Crítica publicada na Tribuna de Imprensa
Por Cecília Loyola – Rio de Janeiro – 02.04.1988

Barra

Teatro por si mesmo

As folhas mortas, que o vento do norte carrega, na noite fria do esquecimento…

A melodia de Les Feuilles Mortes, ao som do piano ao vivo, abre o espetáculo Uma Peça por Outra, de Jean Tardieu, pelo grupo Tapa, no teatro da Casa de Cultura Laura Alvim.

A canção, imortalizada por Yves Montand, é símbolo das lembranças da guerra. Cantada nos cabarés e nas escolas, quer se sobrepor ao eco ainda presente das bombas e à sombra dos mortos mal enterrados. Mas o vento do norte carregou as lembranças desta Europa que acreditava no próprio gesto todo poderoso de construção do Destino. E, assim, o que temos é um homem estarrecido diante da Consciência feita em pedaços.

No Teatro, entretanto, vai nascendo um outro gesto: o Épico. Walter Benjamim, em seu ensaio sobre Brecht, chama atenção para o fato de que o teatro épico é gestual. “Quanto mais frequentemente interrompemos o protagonista de uma ação, mais gestos obtemos.” Tomado desta forma, o palco ganha uma consciência inédita e torna-se um lugar livre para experimentar os elementos da realidade.

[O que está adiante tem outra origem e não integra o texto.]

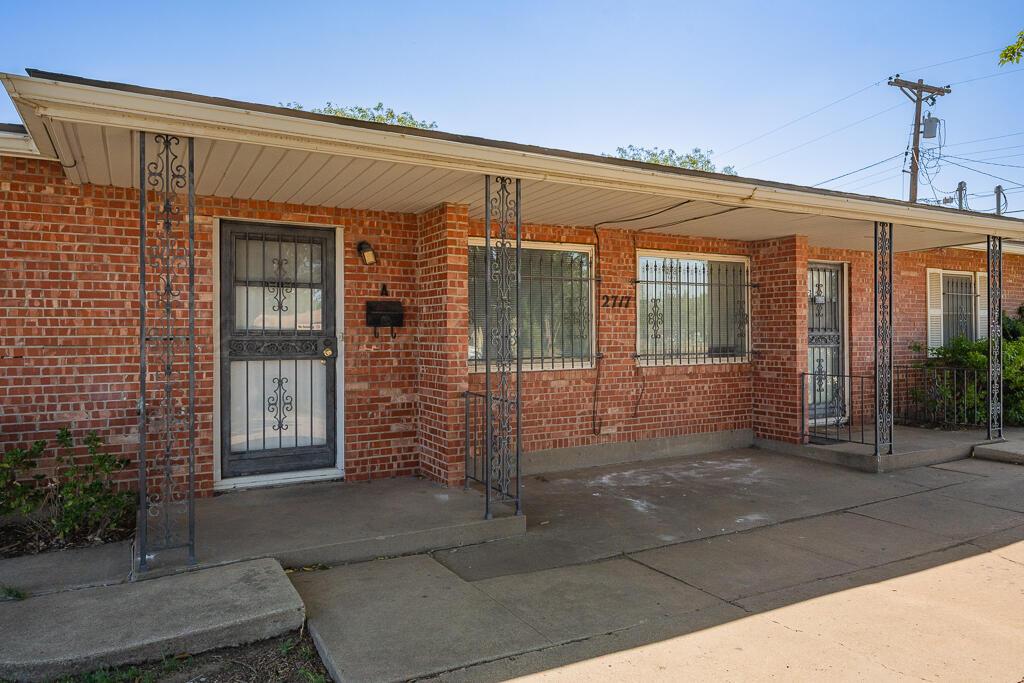 2717 Curtis Drive Property Photo 4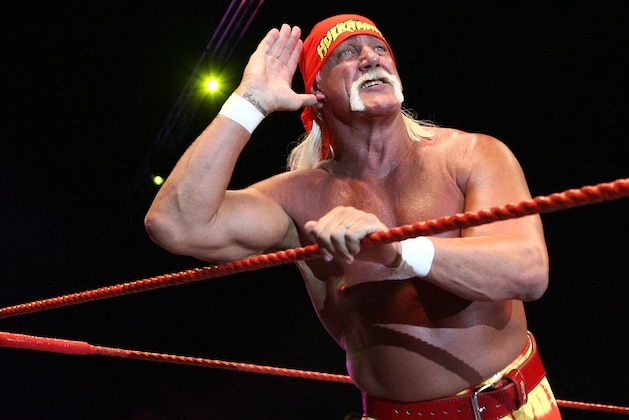 PERTH, AUSTRALIA - NOVEMBER 24:  Hulk Hogan gestures to the audience during his Hulkamania Tour at the Burswood Dome on November 24, 2009 in Perth, Australia.  (Photo by Paul Kane/Getty Images)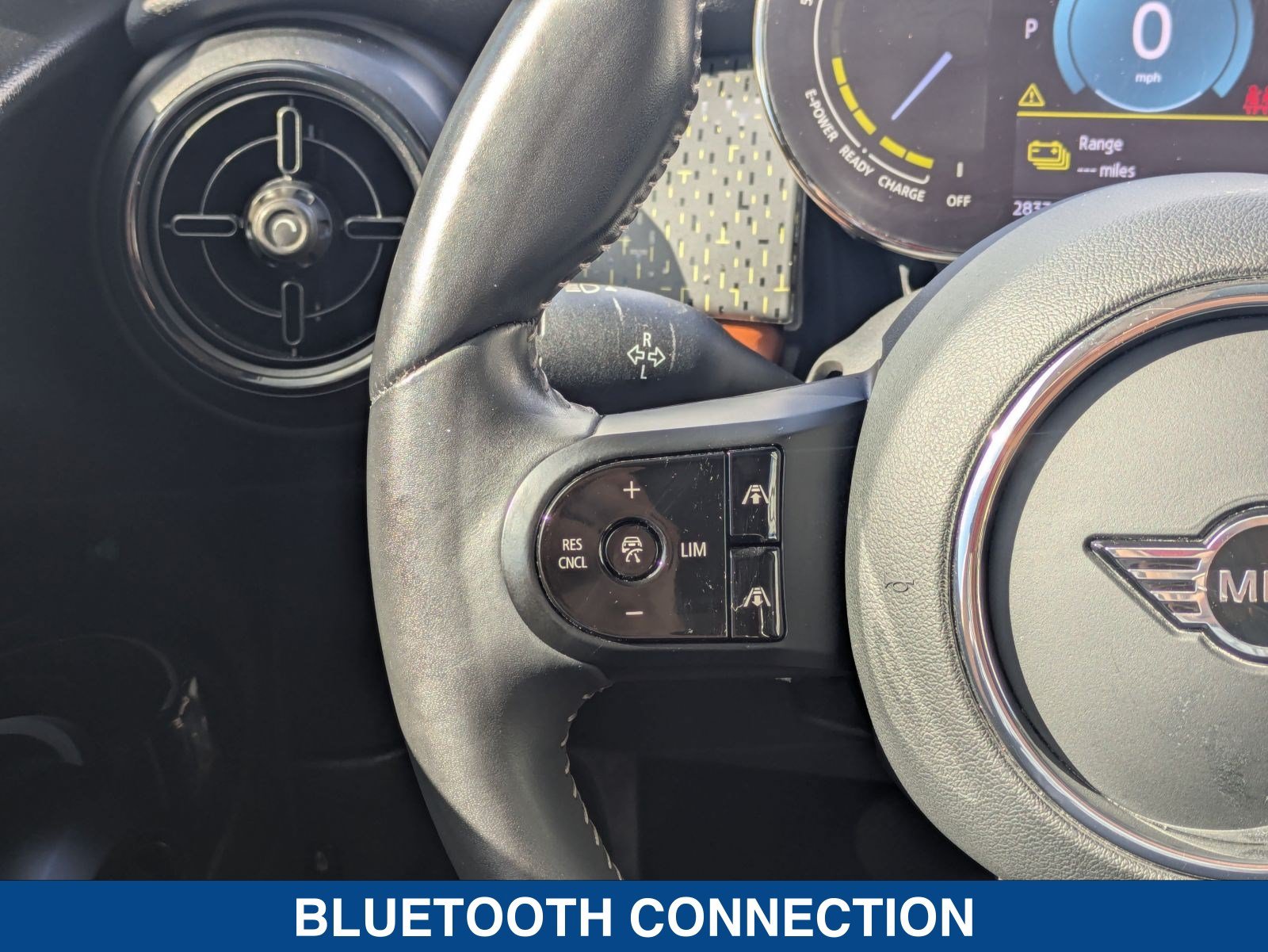 Used 2024 MINI Cooper SE FWD image 23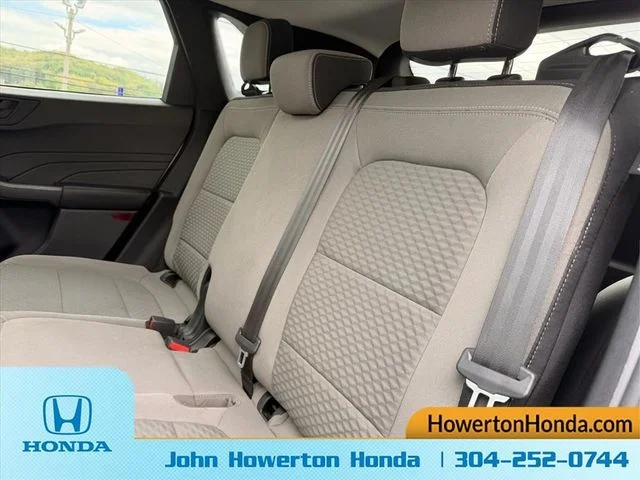 Used 2022 White Ford SE image 15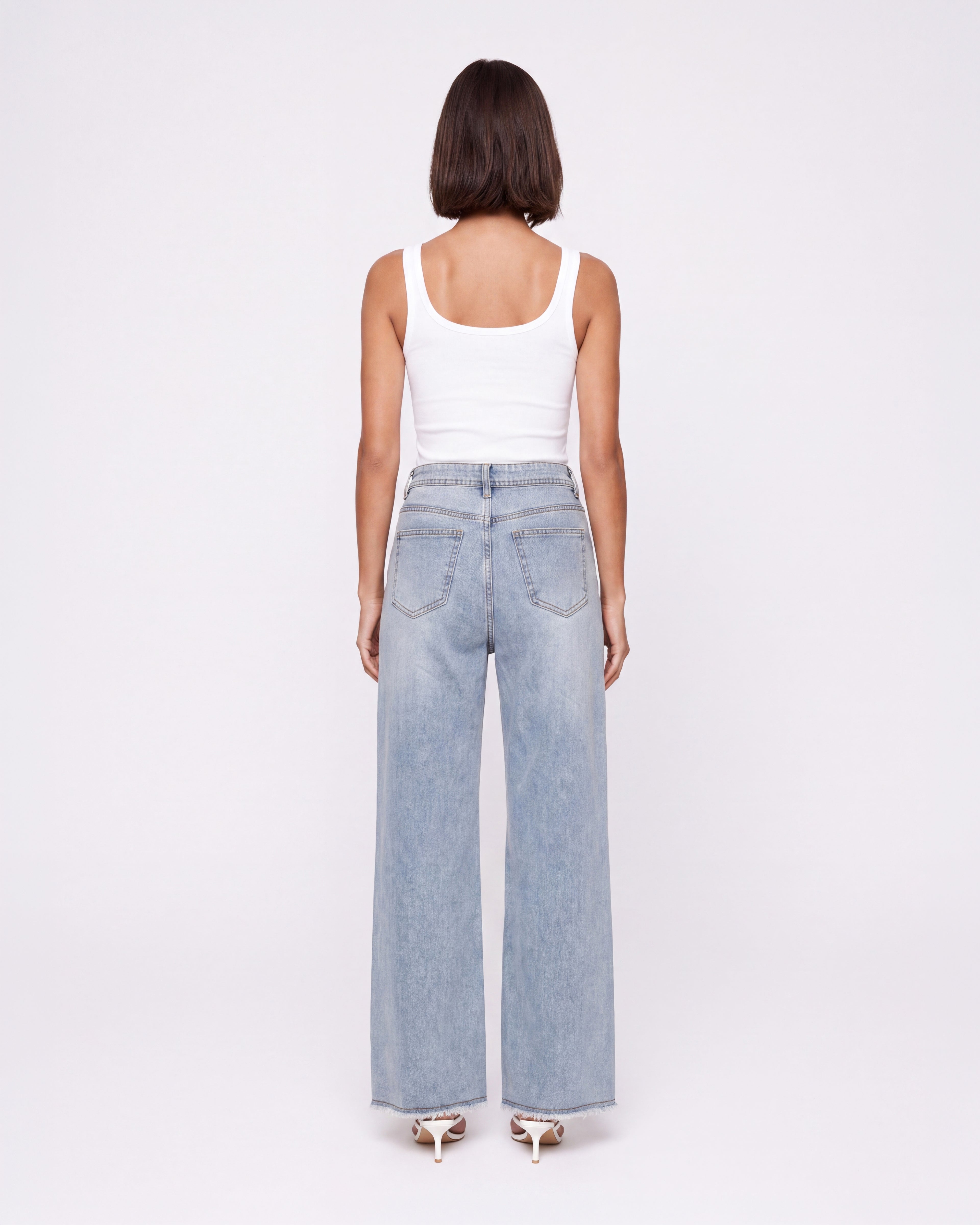 LIGHT BLUE WIDE LEG JEANS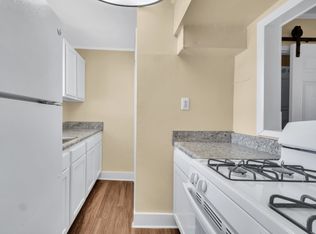 Colonial Court Apartments, Colonial Heights, VA 23834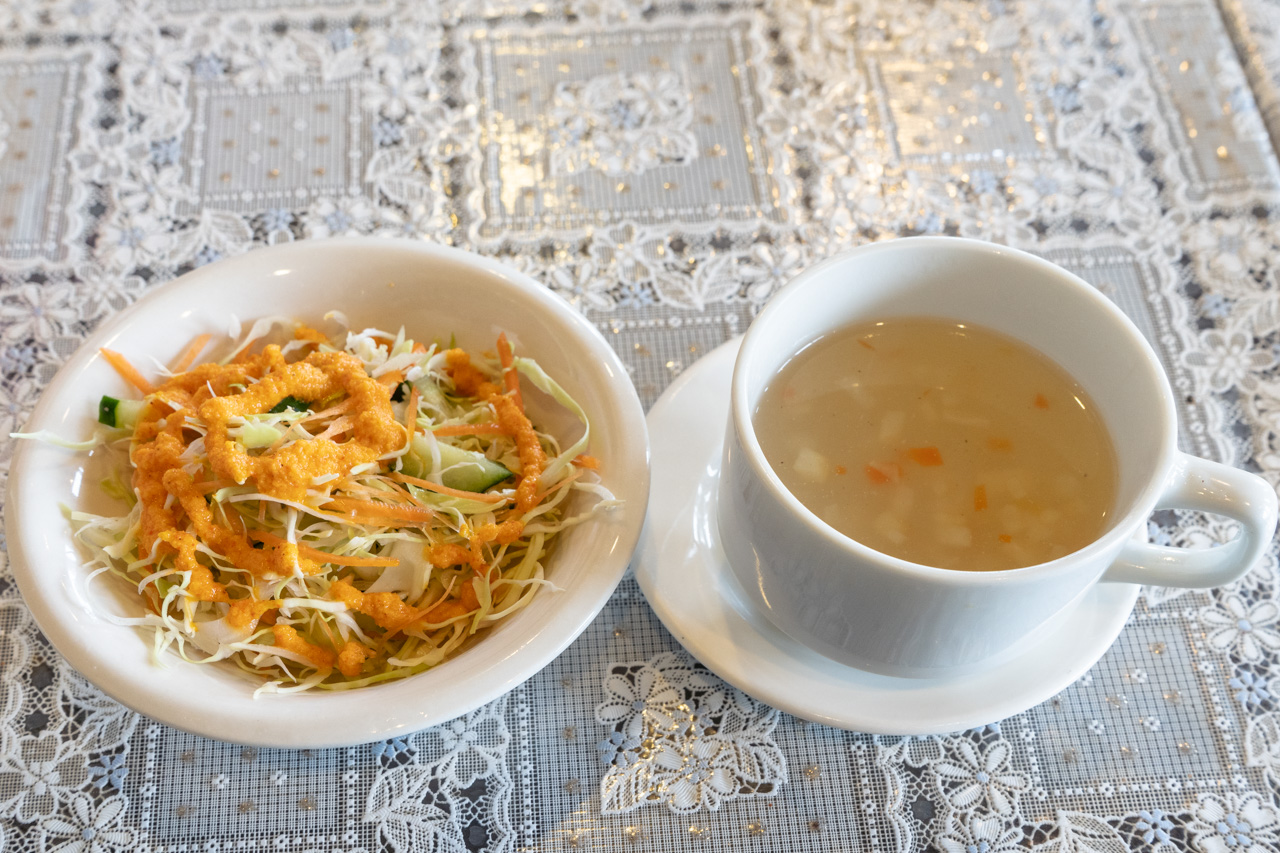 サラダとスープ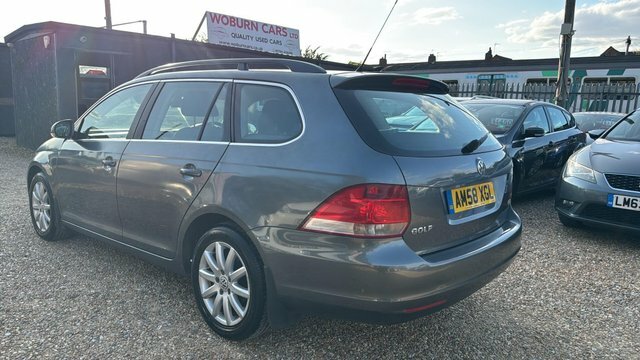 Volkswagen Golf 1.6 Tdi Se Euro 5 Red #4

Ao assumir o gesto do teatro épico sobre o material estilhaçado do pós-guerra, o diretor Eduardo Tolentino repõe em cena a tensão do Homem Moderno. Escolheu, bem a propósito, o autor Jean Tardieu, nascido em 1903 e cuja obra, naturalmente, atravessa todo esse desencantado período europeu. Como Alfred Jarry, Tardieu tem uma aguda consciência das urgências teatrais modernas e as revela em seus vários textos cômicos, dos quais Tolentino lança mão nesta feliz montagem. Para uni-los, em cena, além dos entrechos musicais, há a figura de um narrador assumindo diferentes posturas e intervenções no decorrer da peça e brilhantemente interpretado por Charles Myara.

A encenação do primeiro texto, por exemplo, permite não somente a reflexão sobre um gênero anacrônico, mas também a maneira pela qual esse gênero se perpetuou em nossos palcos. Através de uma interpretação em que se mesclam gestos teatrais antiquados e o intimismo naturalista próprio à televisão, a sátira se realiza plenamente.

O final do espetáculo dá um testemunho inegável de como um autor pode ser iluminado por outro, independente de ser anterior ou posterior: entra em cena uma interessante releitura de Tardieu via Beckett.

O elenco tem o frescor da intimidade que só o trabalho em grupo pode proporcionar: o diretor explora a potencialidade dos atores naquilo que eles têm de melhor. Denise Weinberg, Brian Penido, Guilherme Sant´Anna, Ernani Moraes dão testemunho disso. Eliana Fonseca mostra um trabalho cuidadoso, especialmente na cena final. E Clara Carvalho, sem dúvida, é uma presença marcante por todo o espetáculo.

Os figurinos de Lola Tolentino se revelam mais do que apoio, uma intervenção criativa na montagem.

O grupo Tapa não demonstra apenas maturidade no seu trabalho. Acima de tudo, se coloca como uma das perspectivas concretas, no eixo Rio-São Paulo, do Teatro que sabe de si. E se a Constituinte retarda a nossa entrada jurídica na modernidade, o teatro está apontando como chegaremos lá.